Topic 5: Ethical Continual/Lifelong Deep Learning: Training deep neural networks to learn a very accurate mapping from inputs (such as image data, sensor data, text) to outputs (e.g. labels also known as classes) requires large amounts of labelled data. Even when these models are trained, they have limited ability to generalise to conditions which are different to the ones used for training the model. Projects under this topic concern the development of Continual/Lifelong learning algorithms that can learn continuously and adaptively, to autonomously and incrementally develop complex skills and knowledge. Projects include the development of methods for recognising new behaviours in various environments such as smart environments (e.g. cities, homes, healthcare settings), and continuous object recognition. A focus of this project will be on ethical AI.
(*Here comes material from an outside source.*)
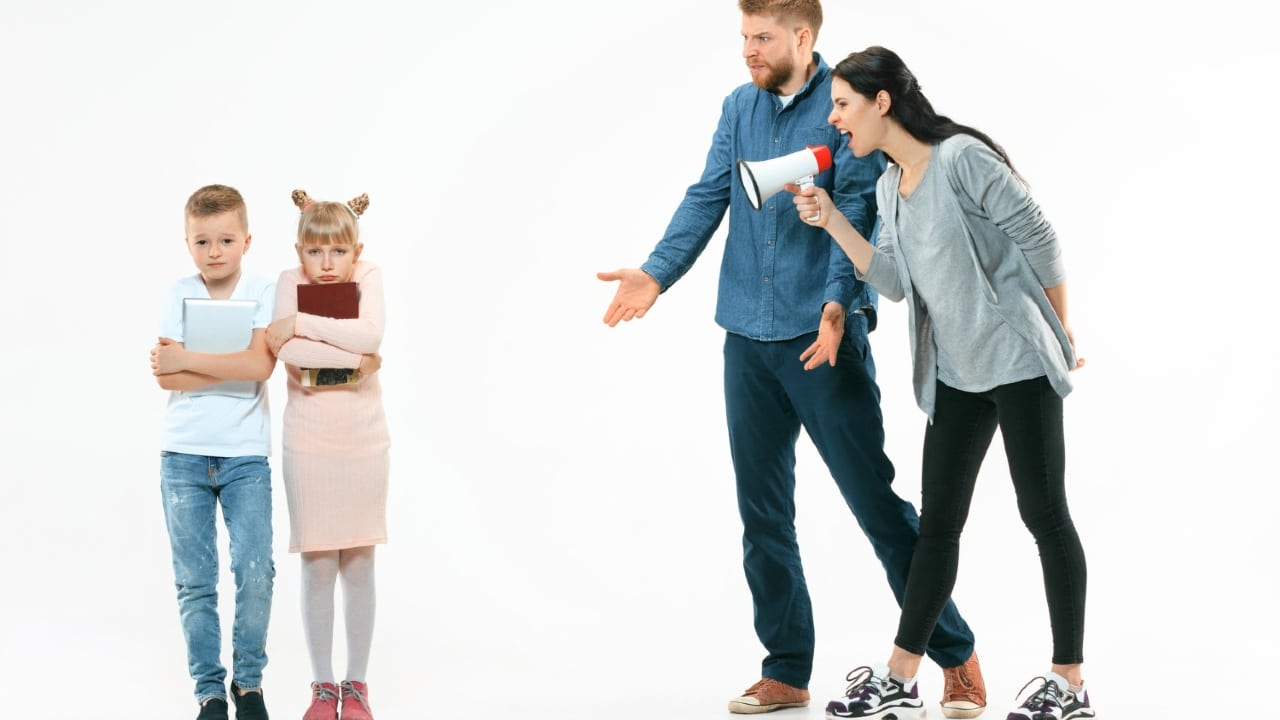 Niños no aprenden a gritos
Topic 6: Multimodal data fusion using Deep Learning: Deep learning is a subset of machine learning in artificial intelligence (AI) that is capable of learning from data. Deep learning is receiving a lot of attention due to its ability to achieve unprecedented levels of performance in terms of accuracy and speed, to the point where deep learning algorithms can outperform humans at decision making, and tasks such as classifying images, and real-time detection. Multi-modal data fusion is an important task for many machine learning applications, including human activity recognition, information retrieval, and real-time applications of A.I. For example, datasets can include audio and visual data; image and sensor data; multi-sensor multi-modal data; and text and image data. Multi-modal data can be complex, noisy and imbalanced, particularly when collected from real environments. Therefore, it is a significant challenge to create deep learning models that can classify multi-modal data. Machine learning models designed to classify imbalanced data are biased toward learning the more commonly occurring classes. Such bias occurs naturally since the models better learn classes which contain more records, a similar process that would occur with human learning. The aim of this project is to: devise feature engineering approaches for multi-modal data; identify whether fusing multi-modal data improves results as opposed to using uni-modal datasets in specific machine learning tasks; and to develop computational approaches and methods for fusing imbalanced multi-modal data.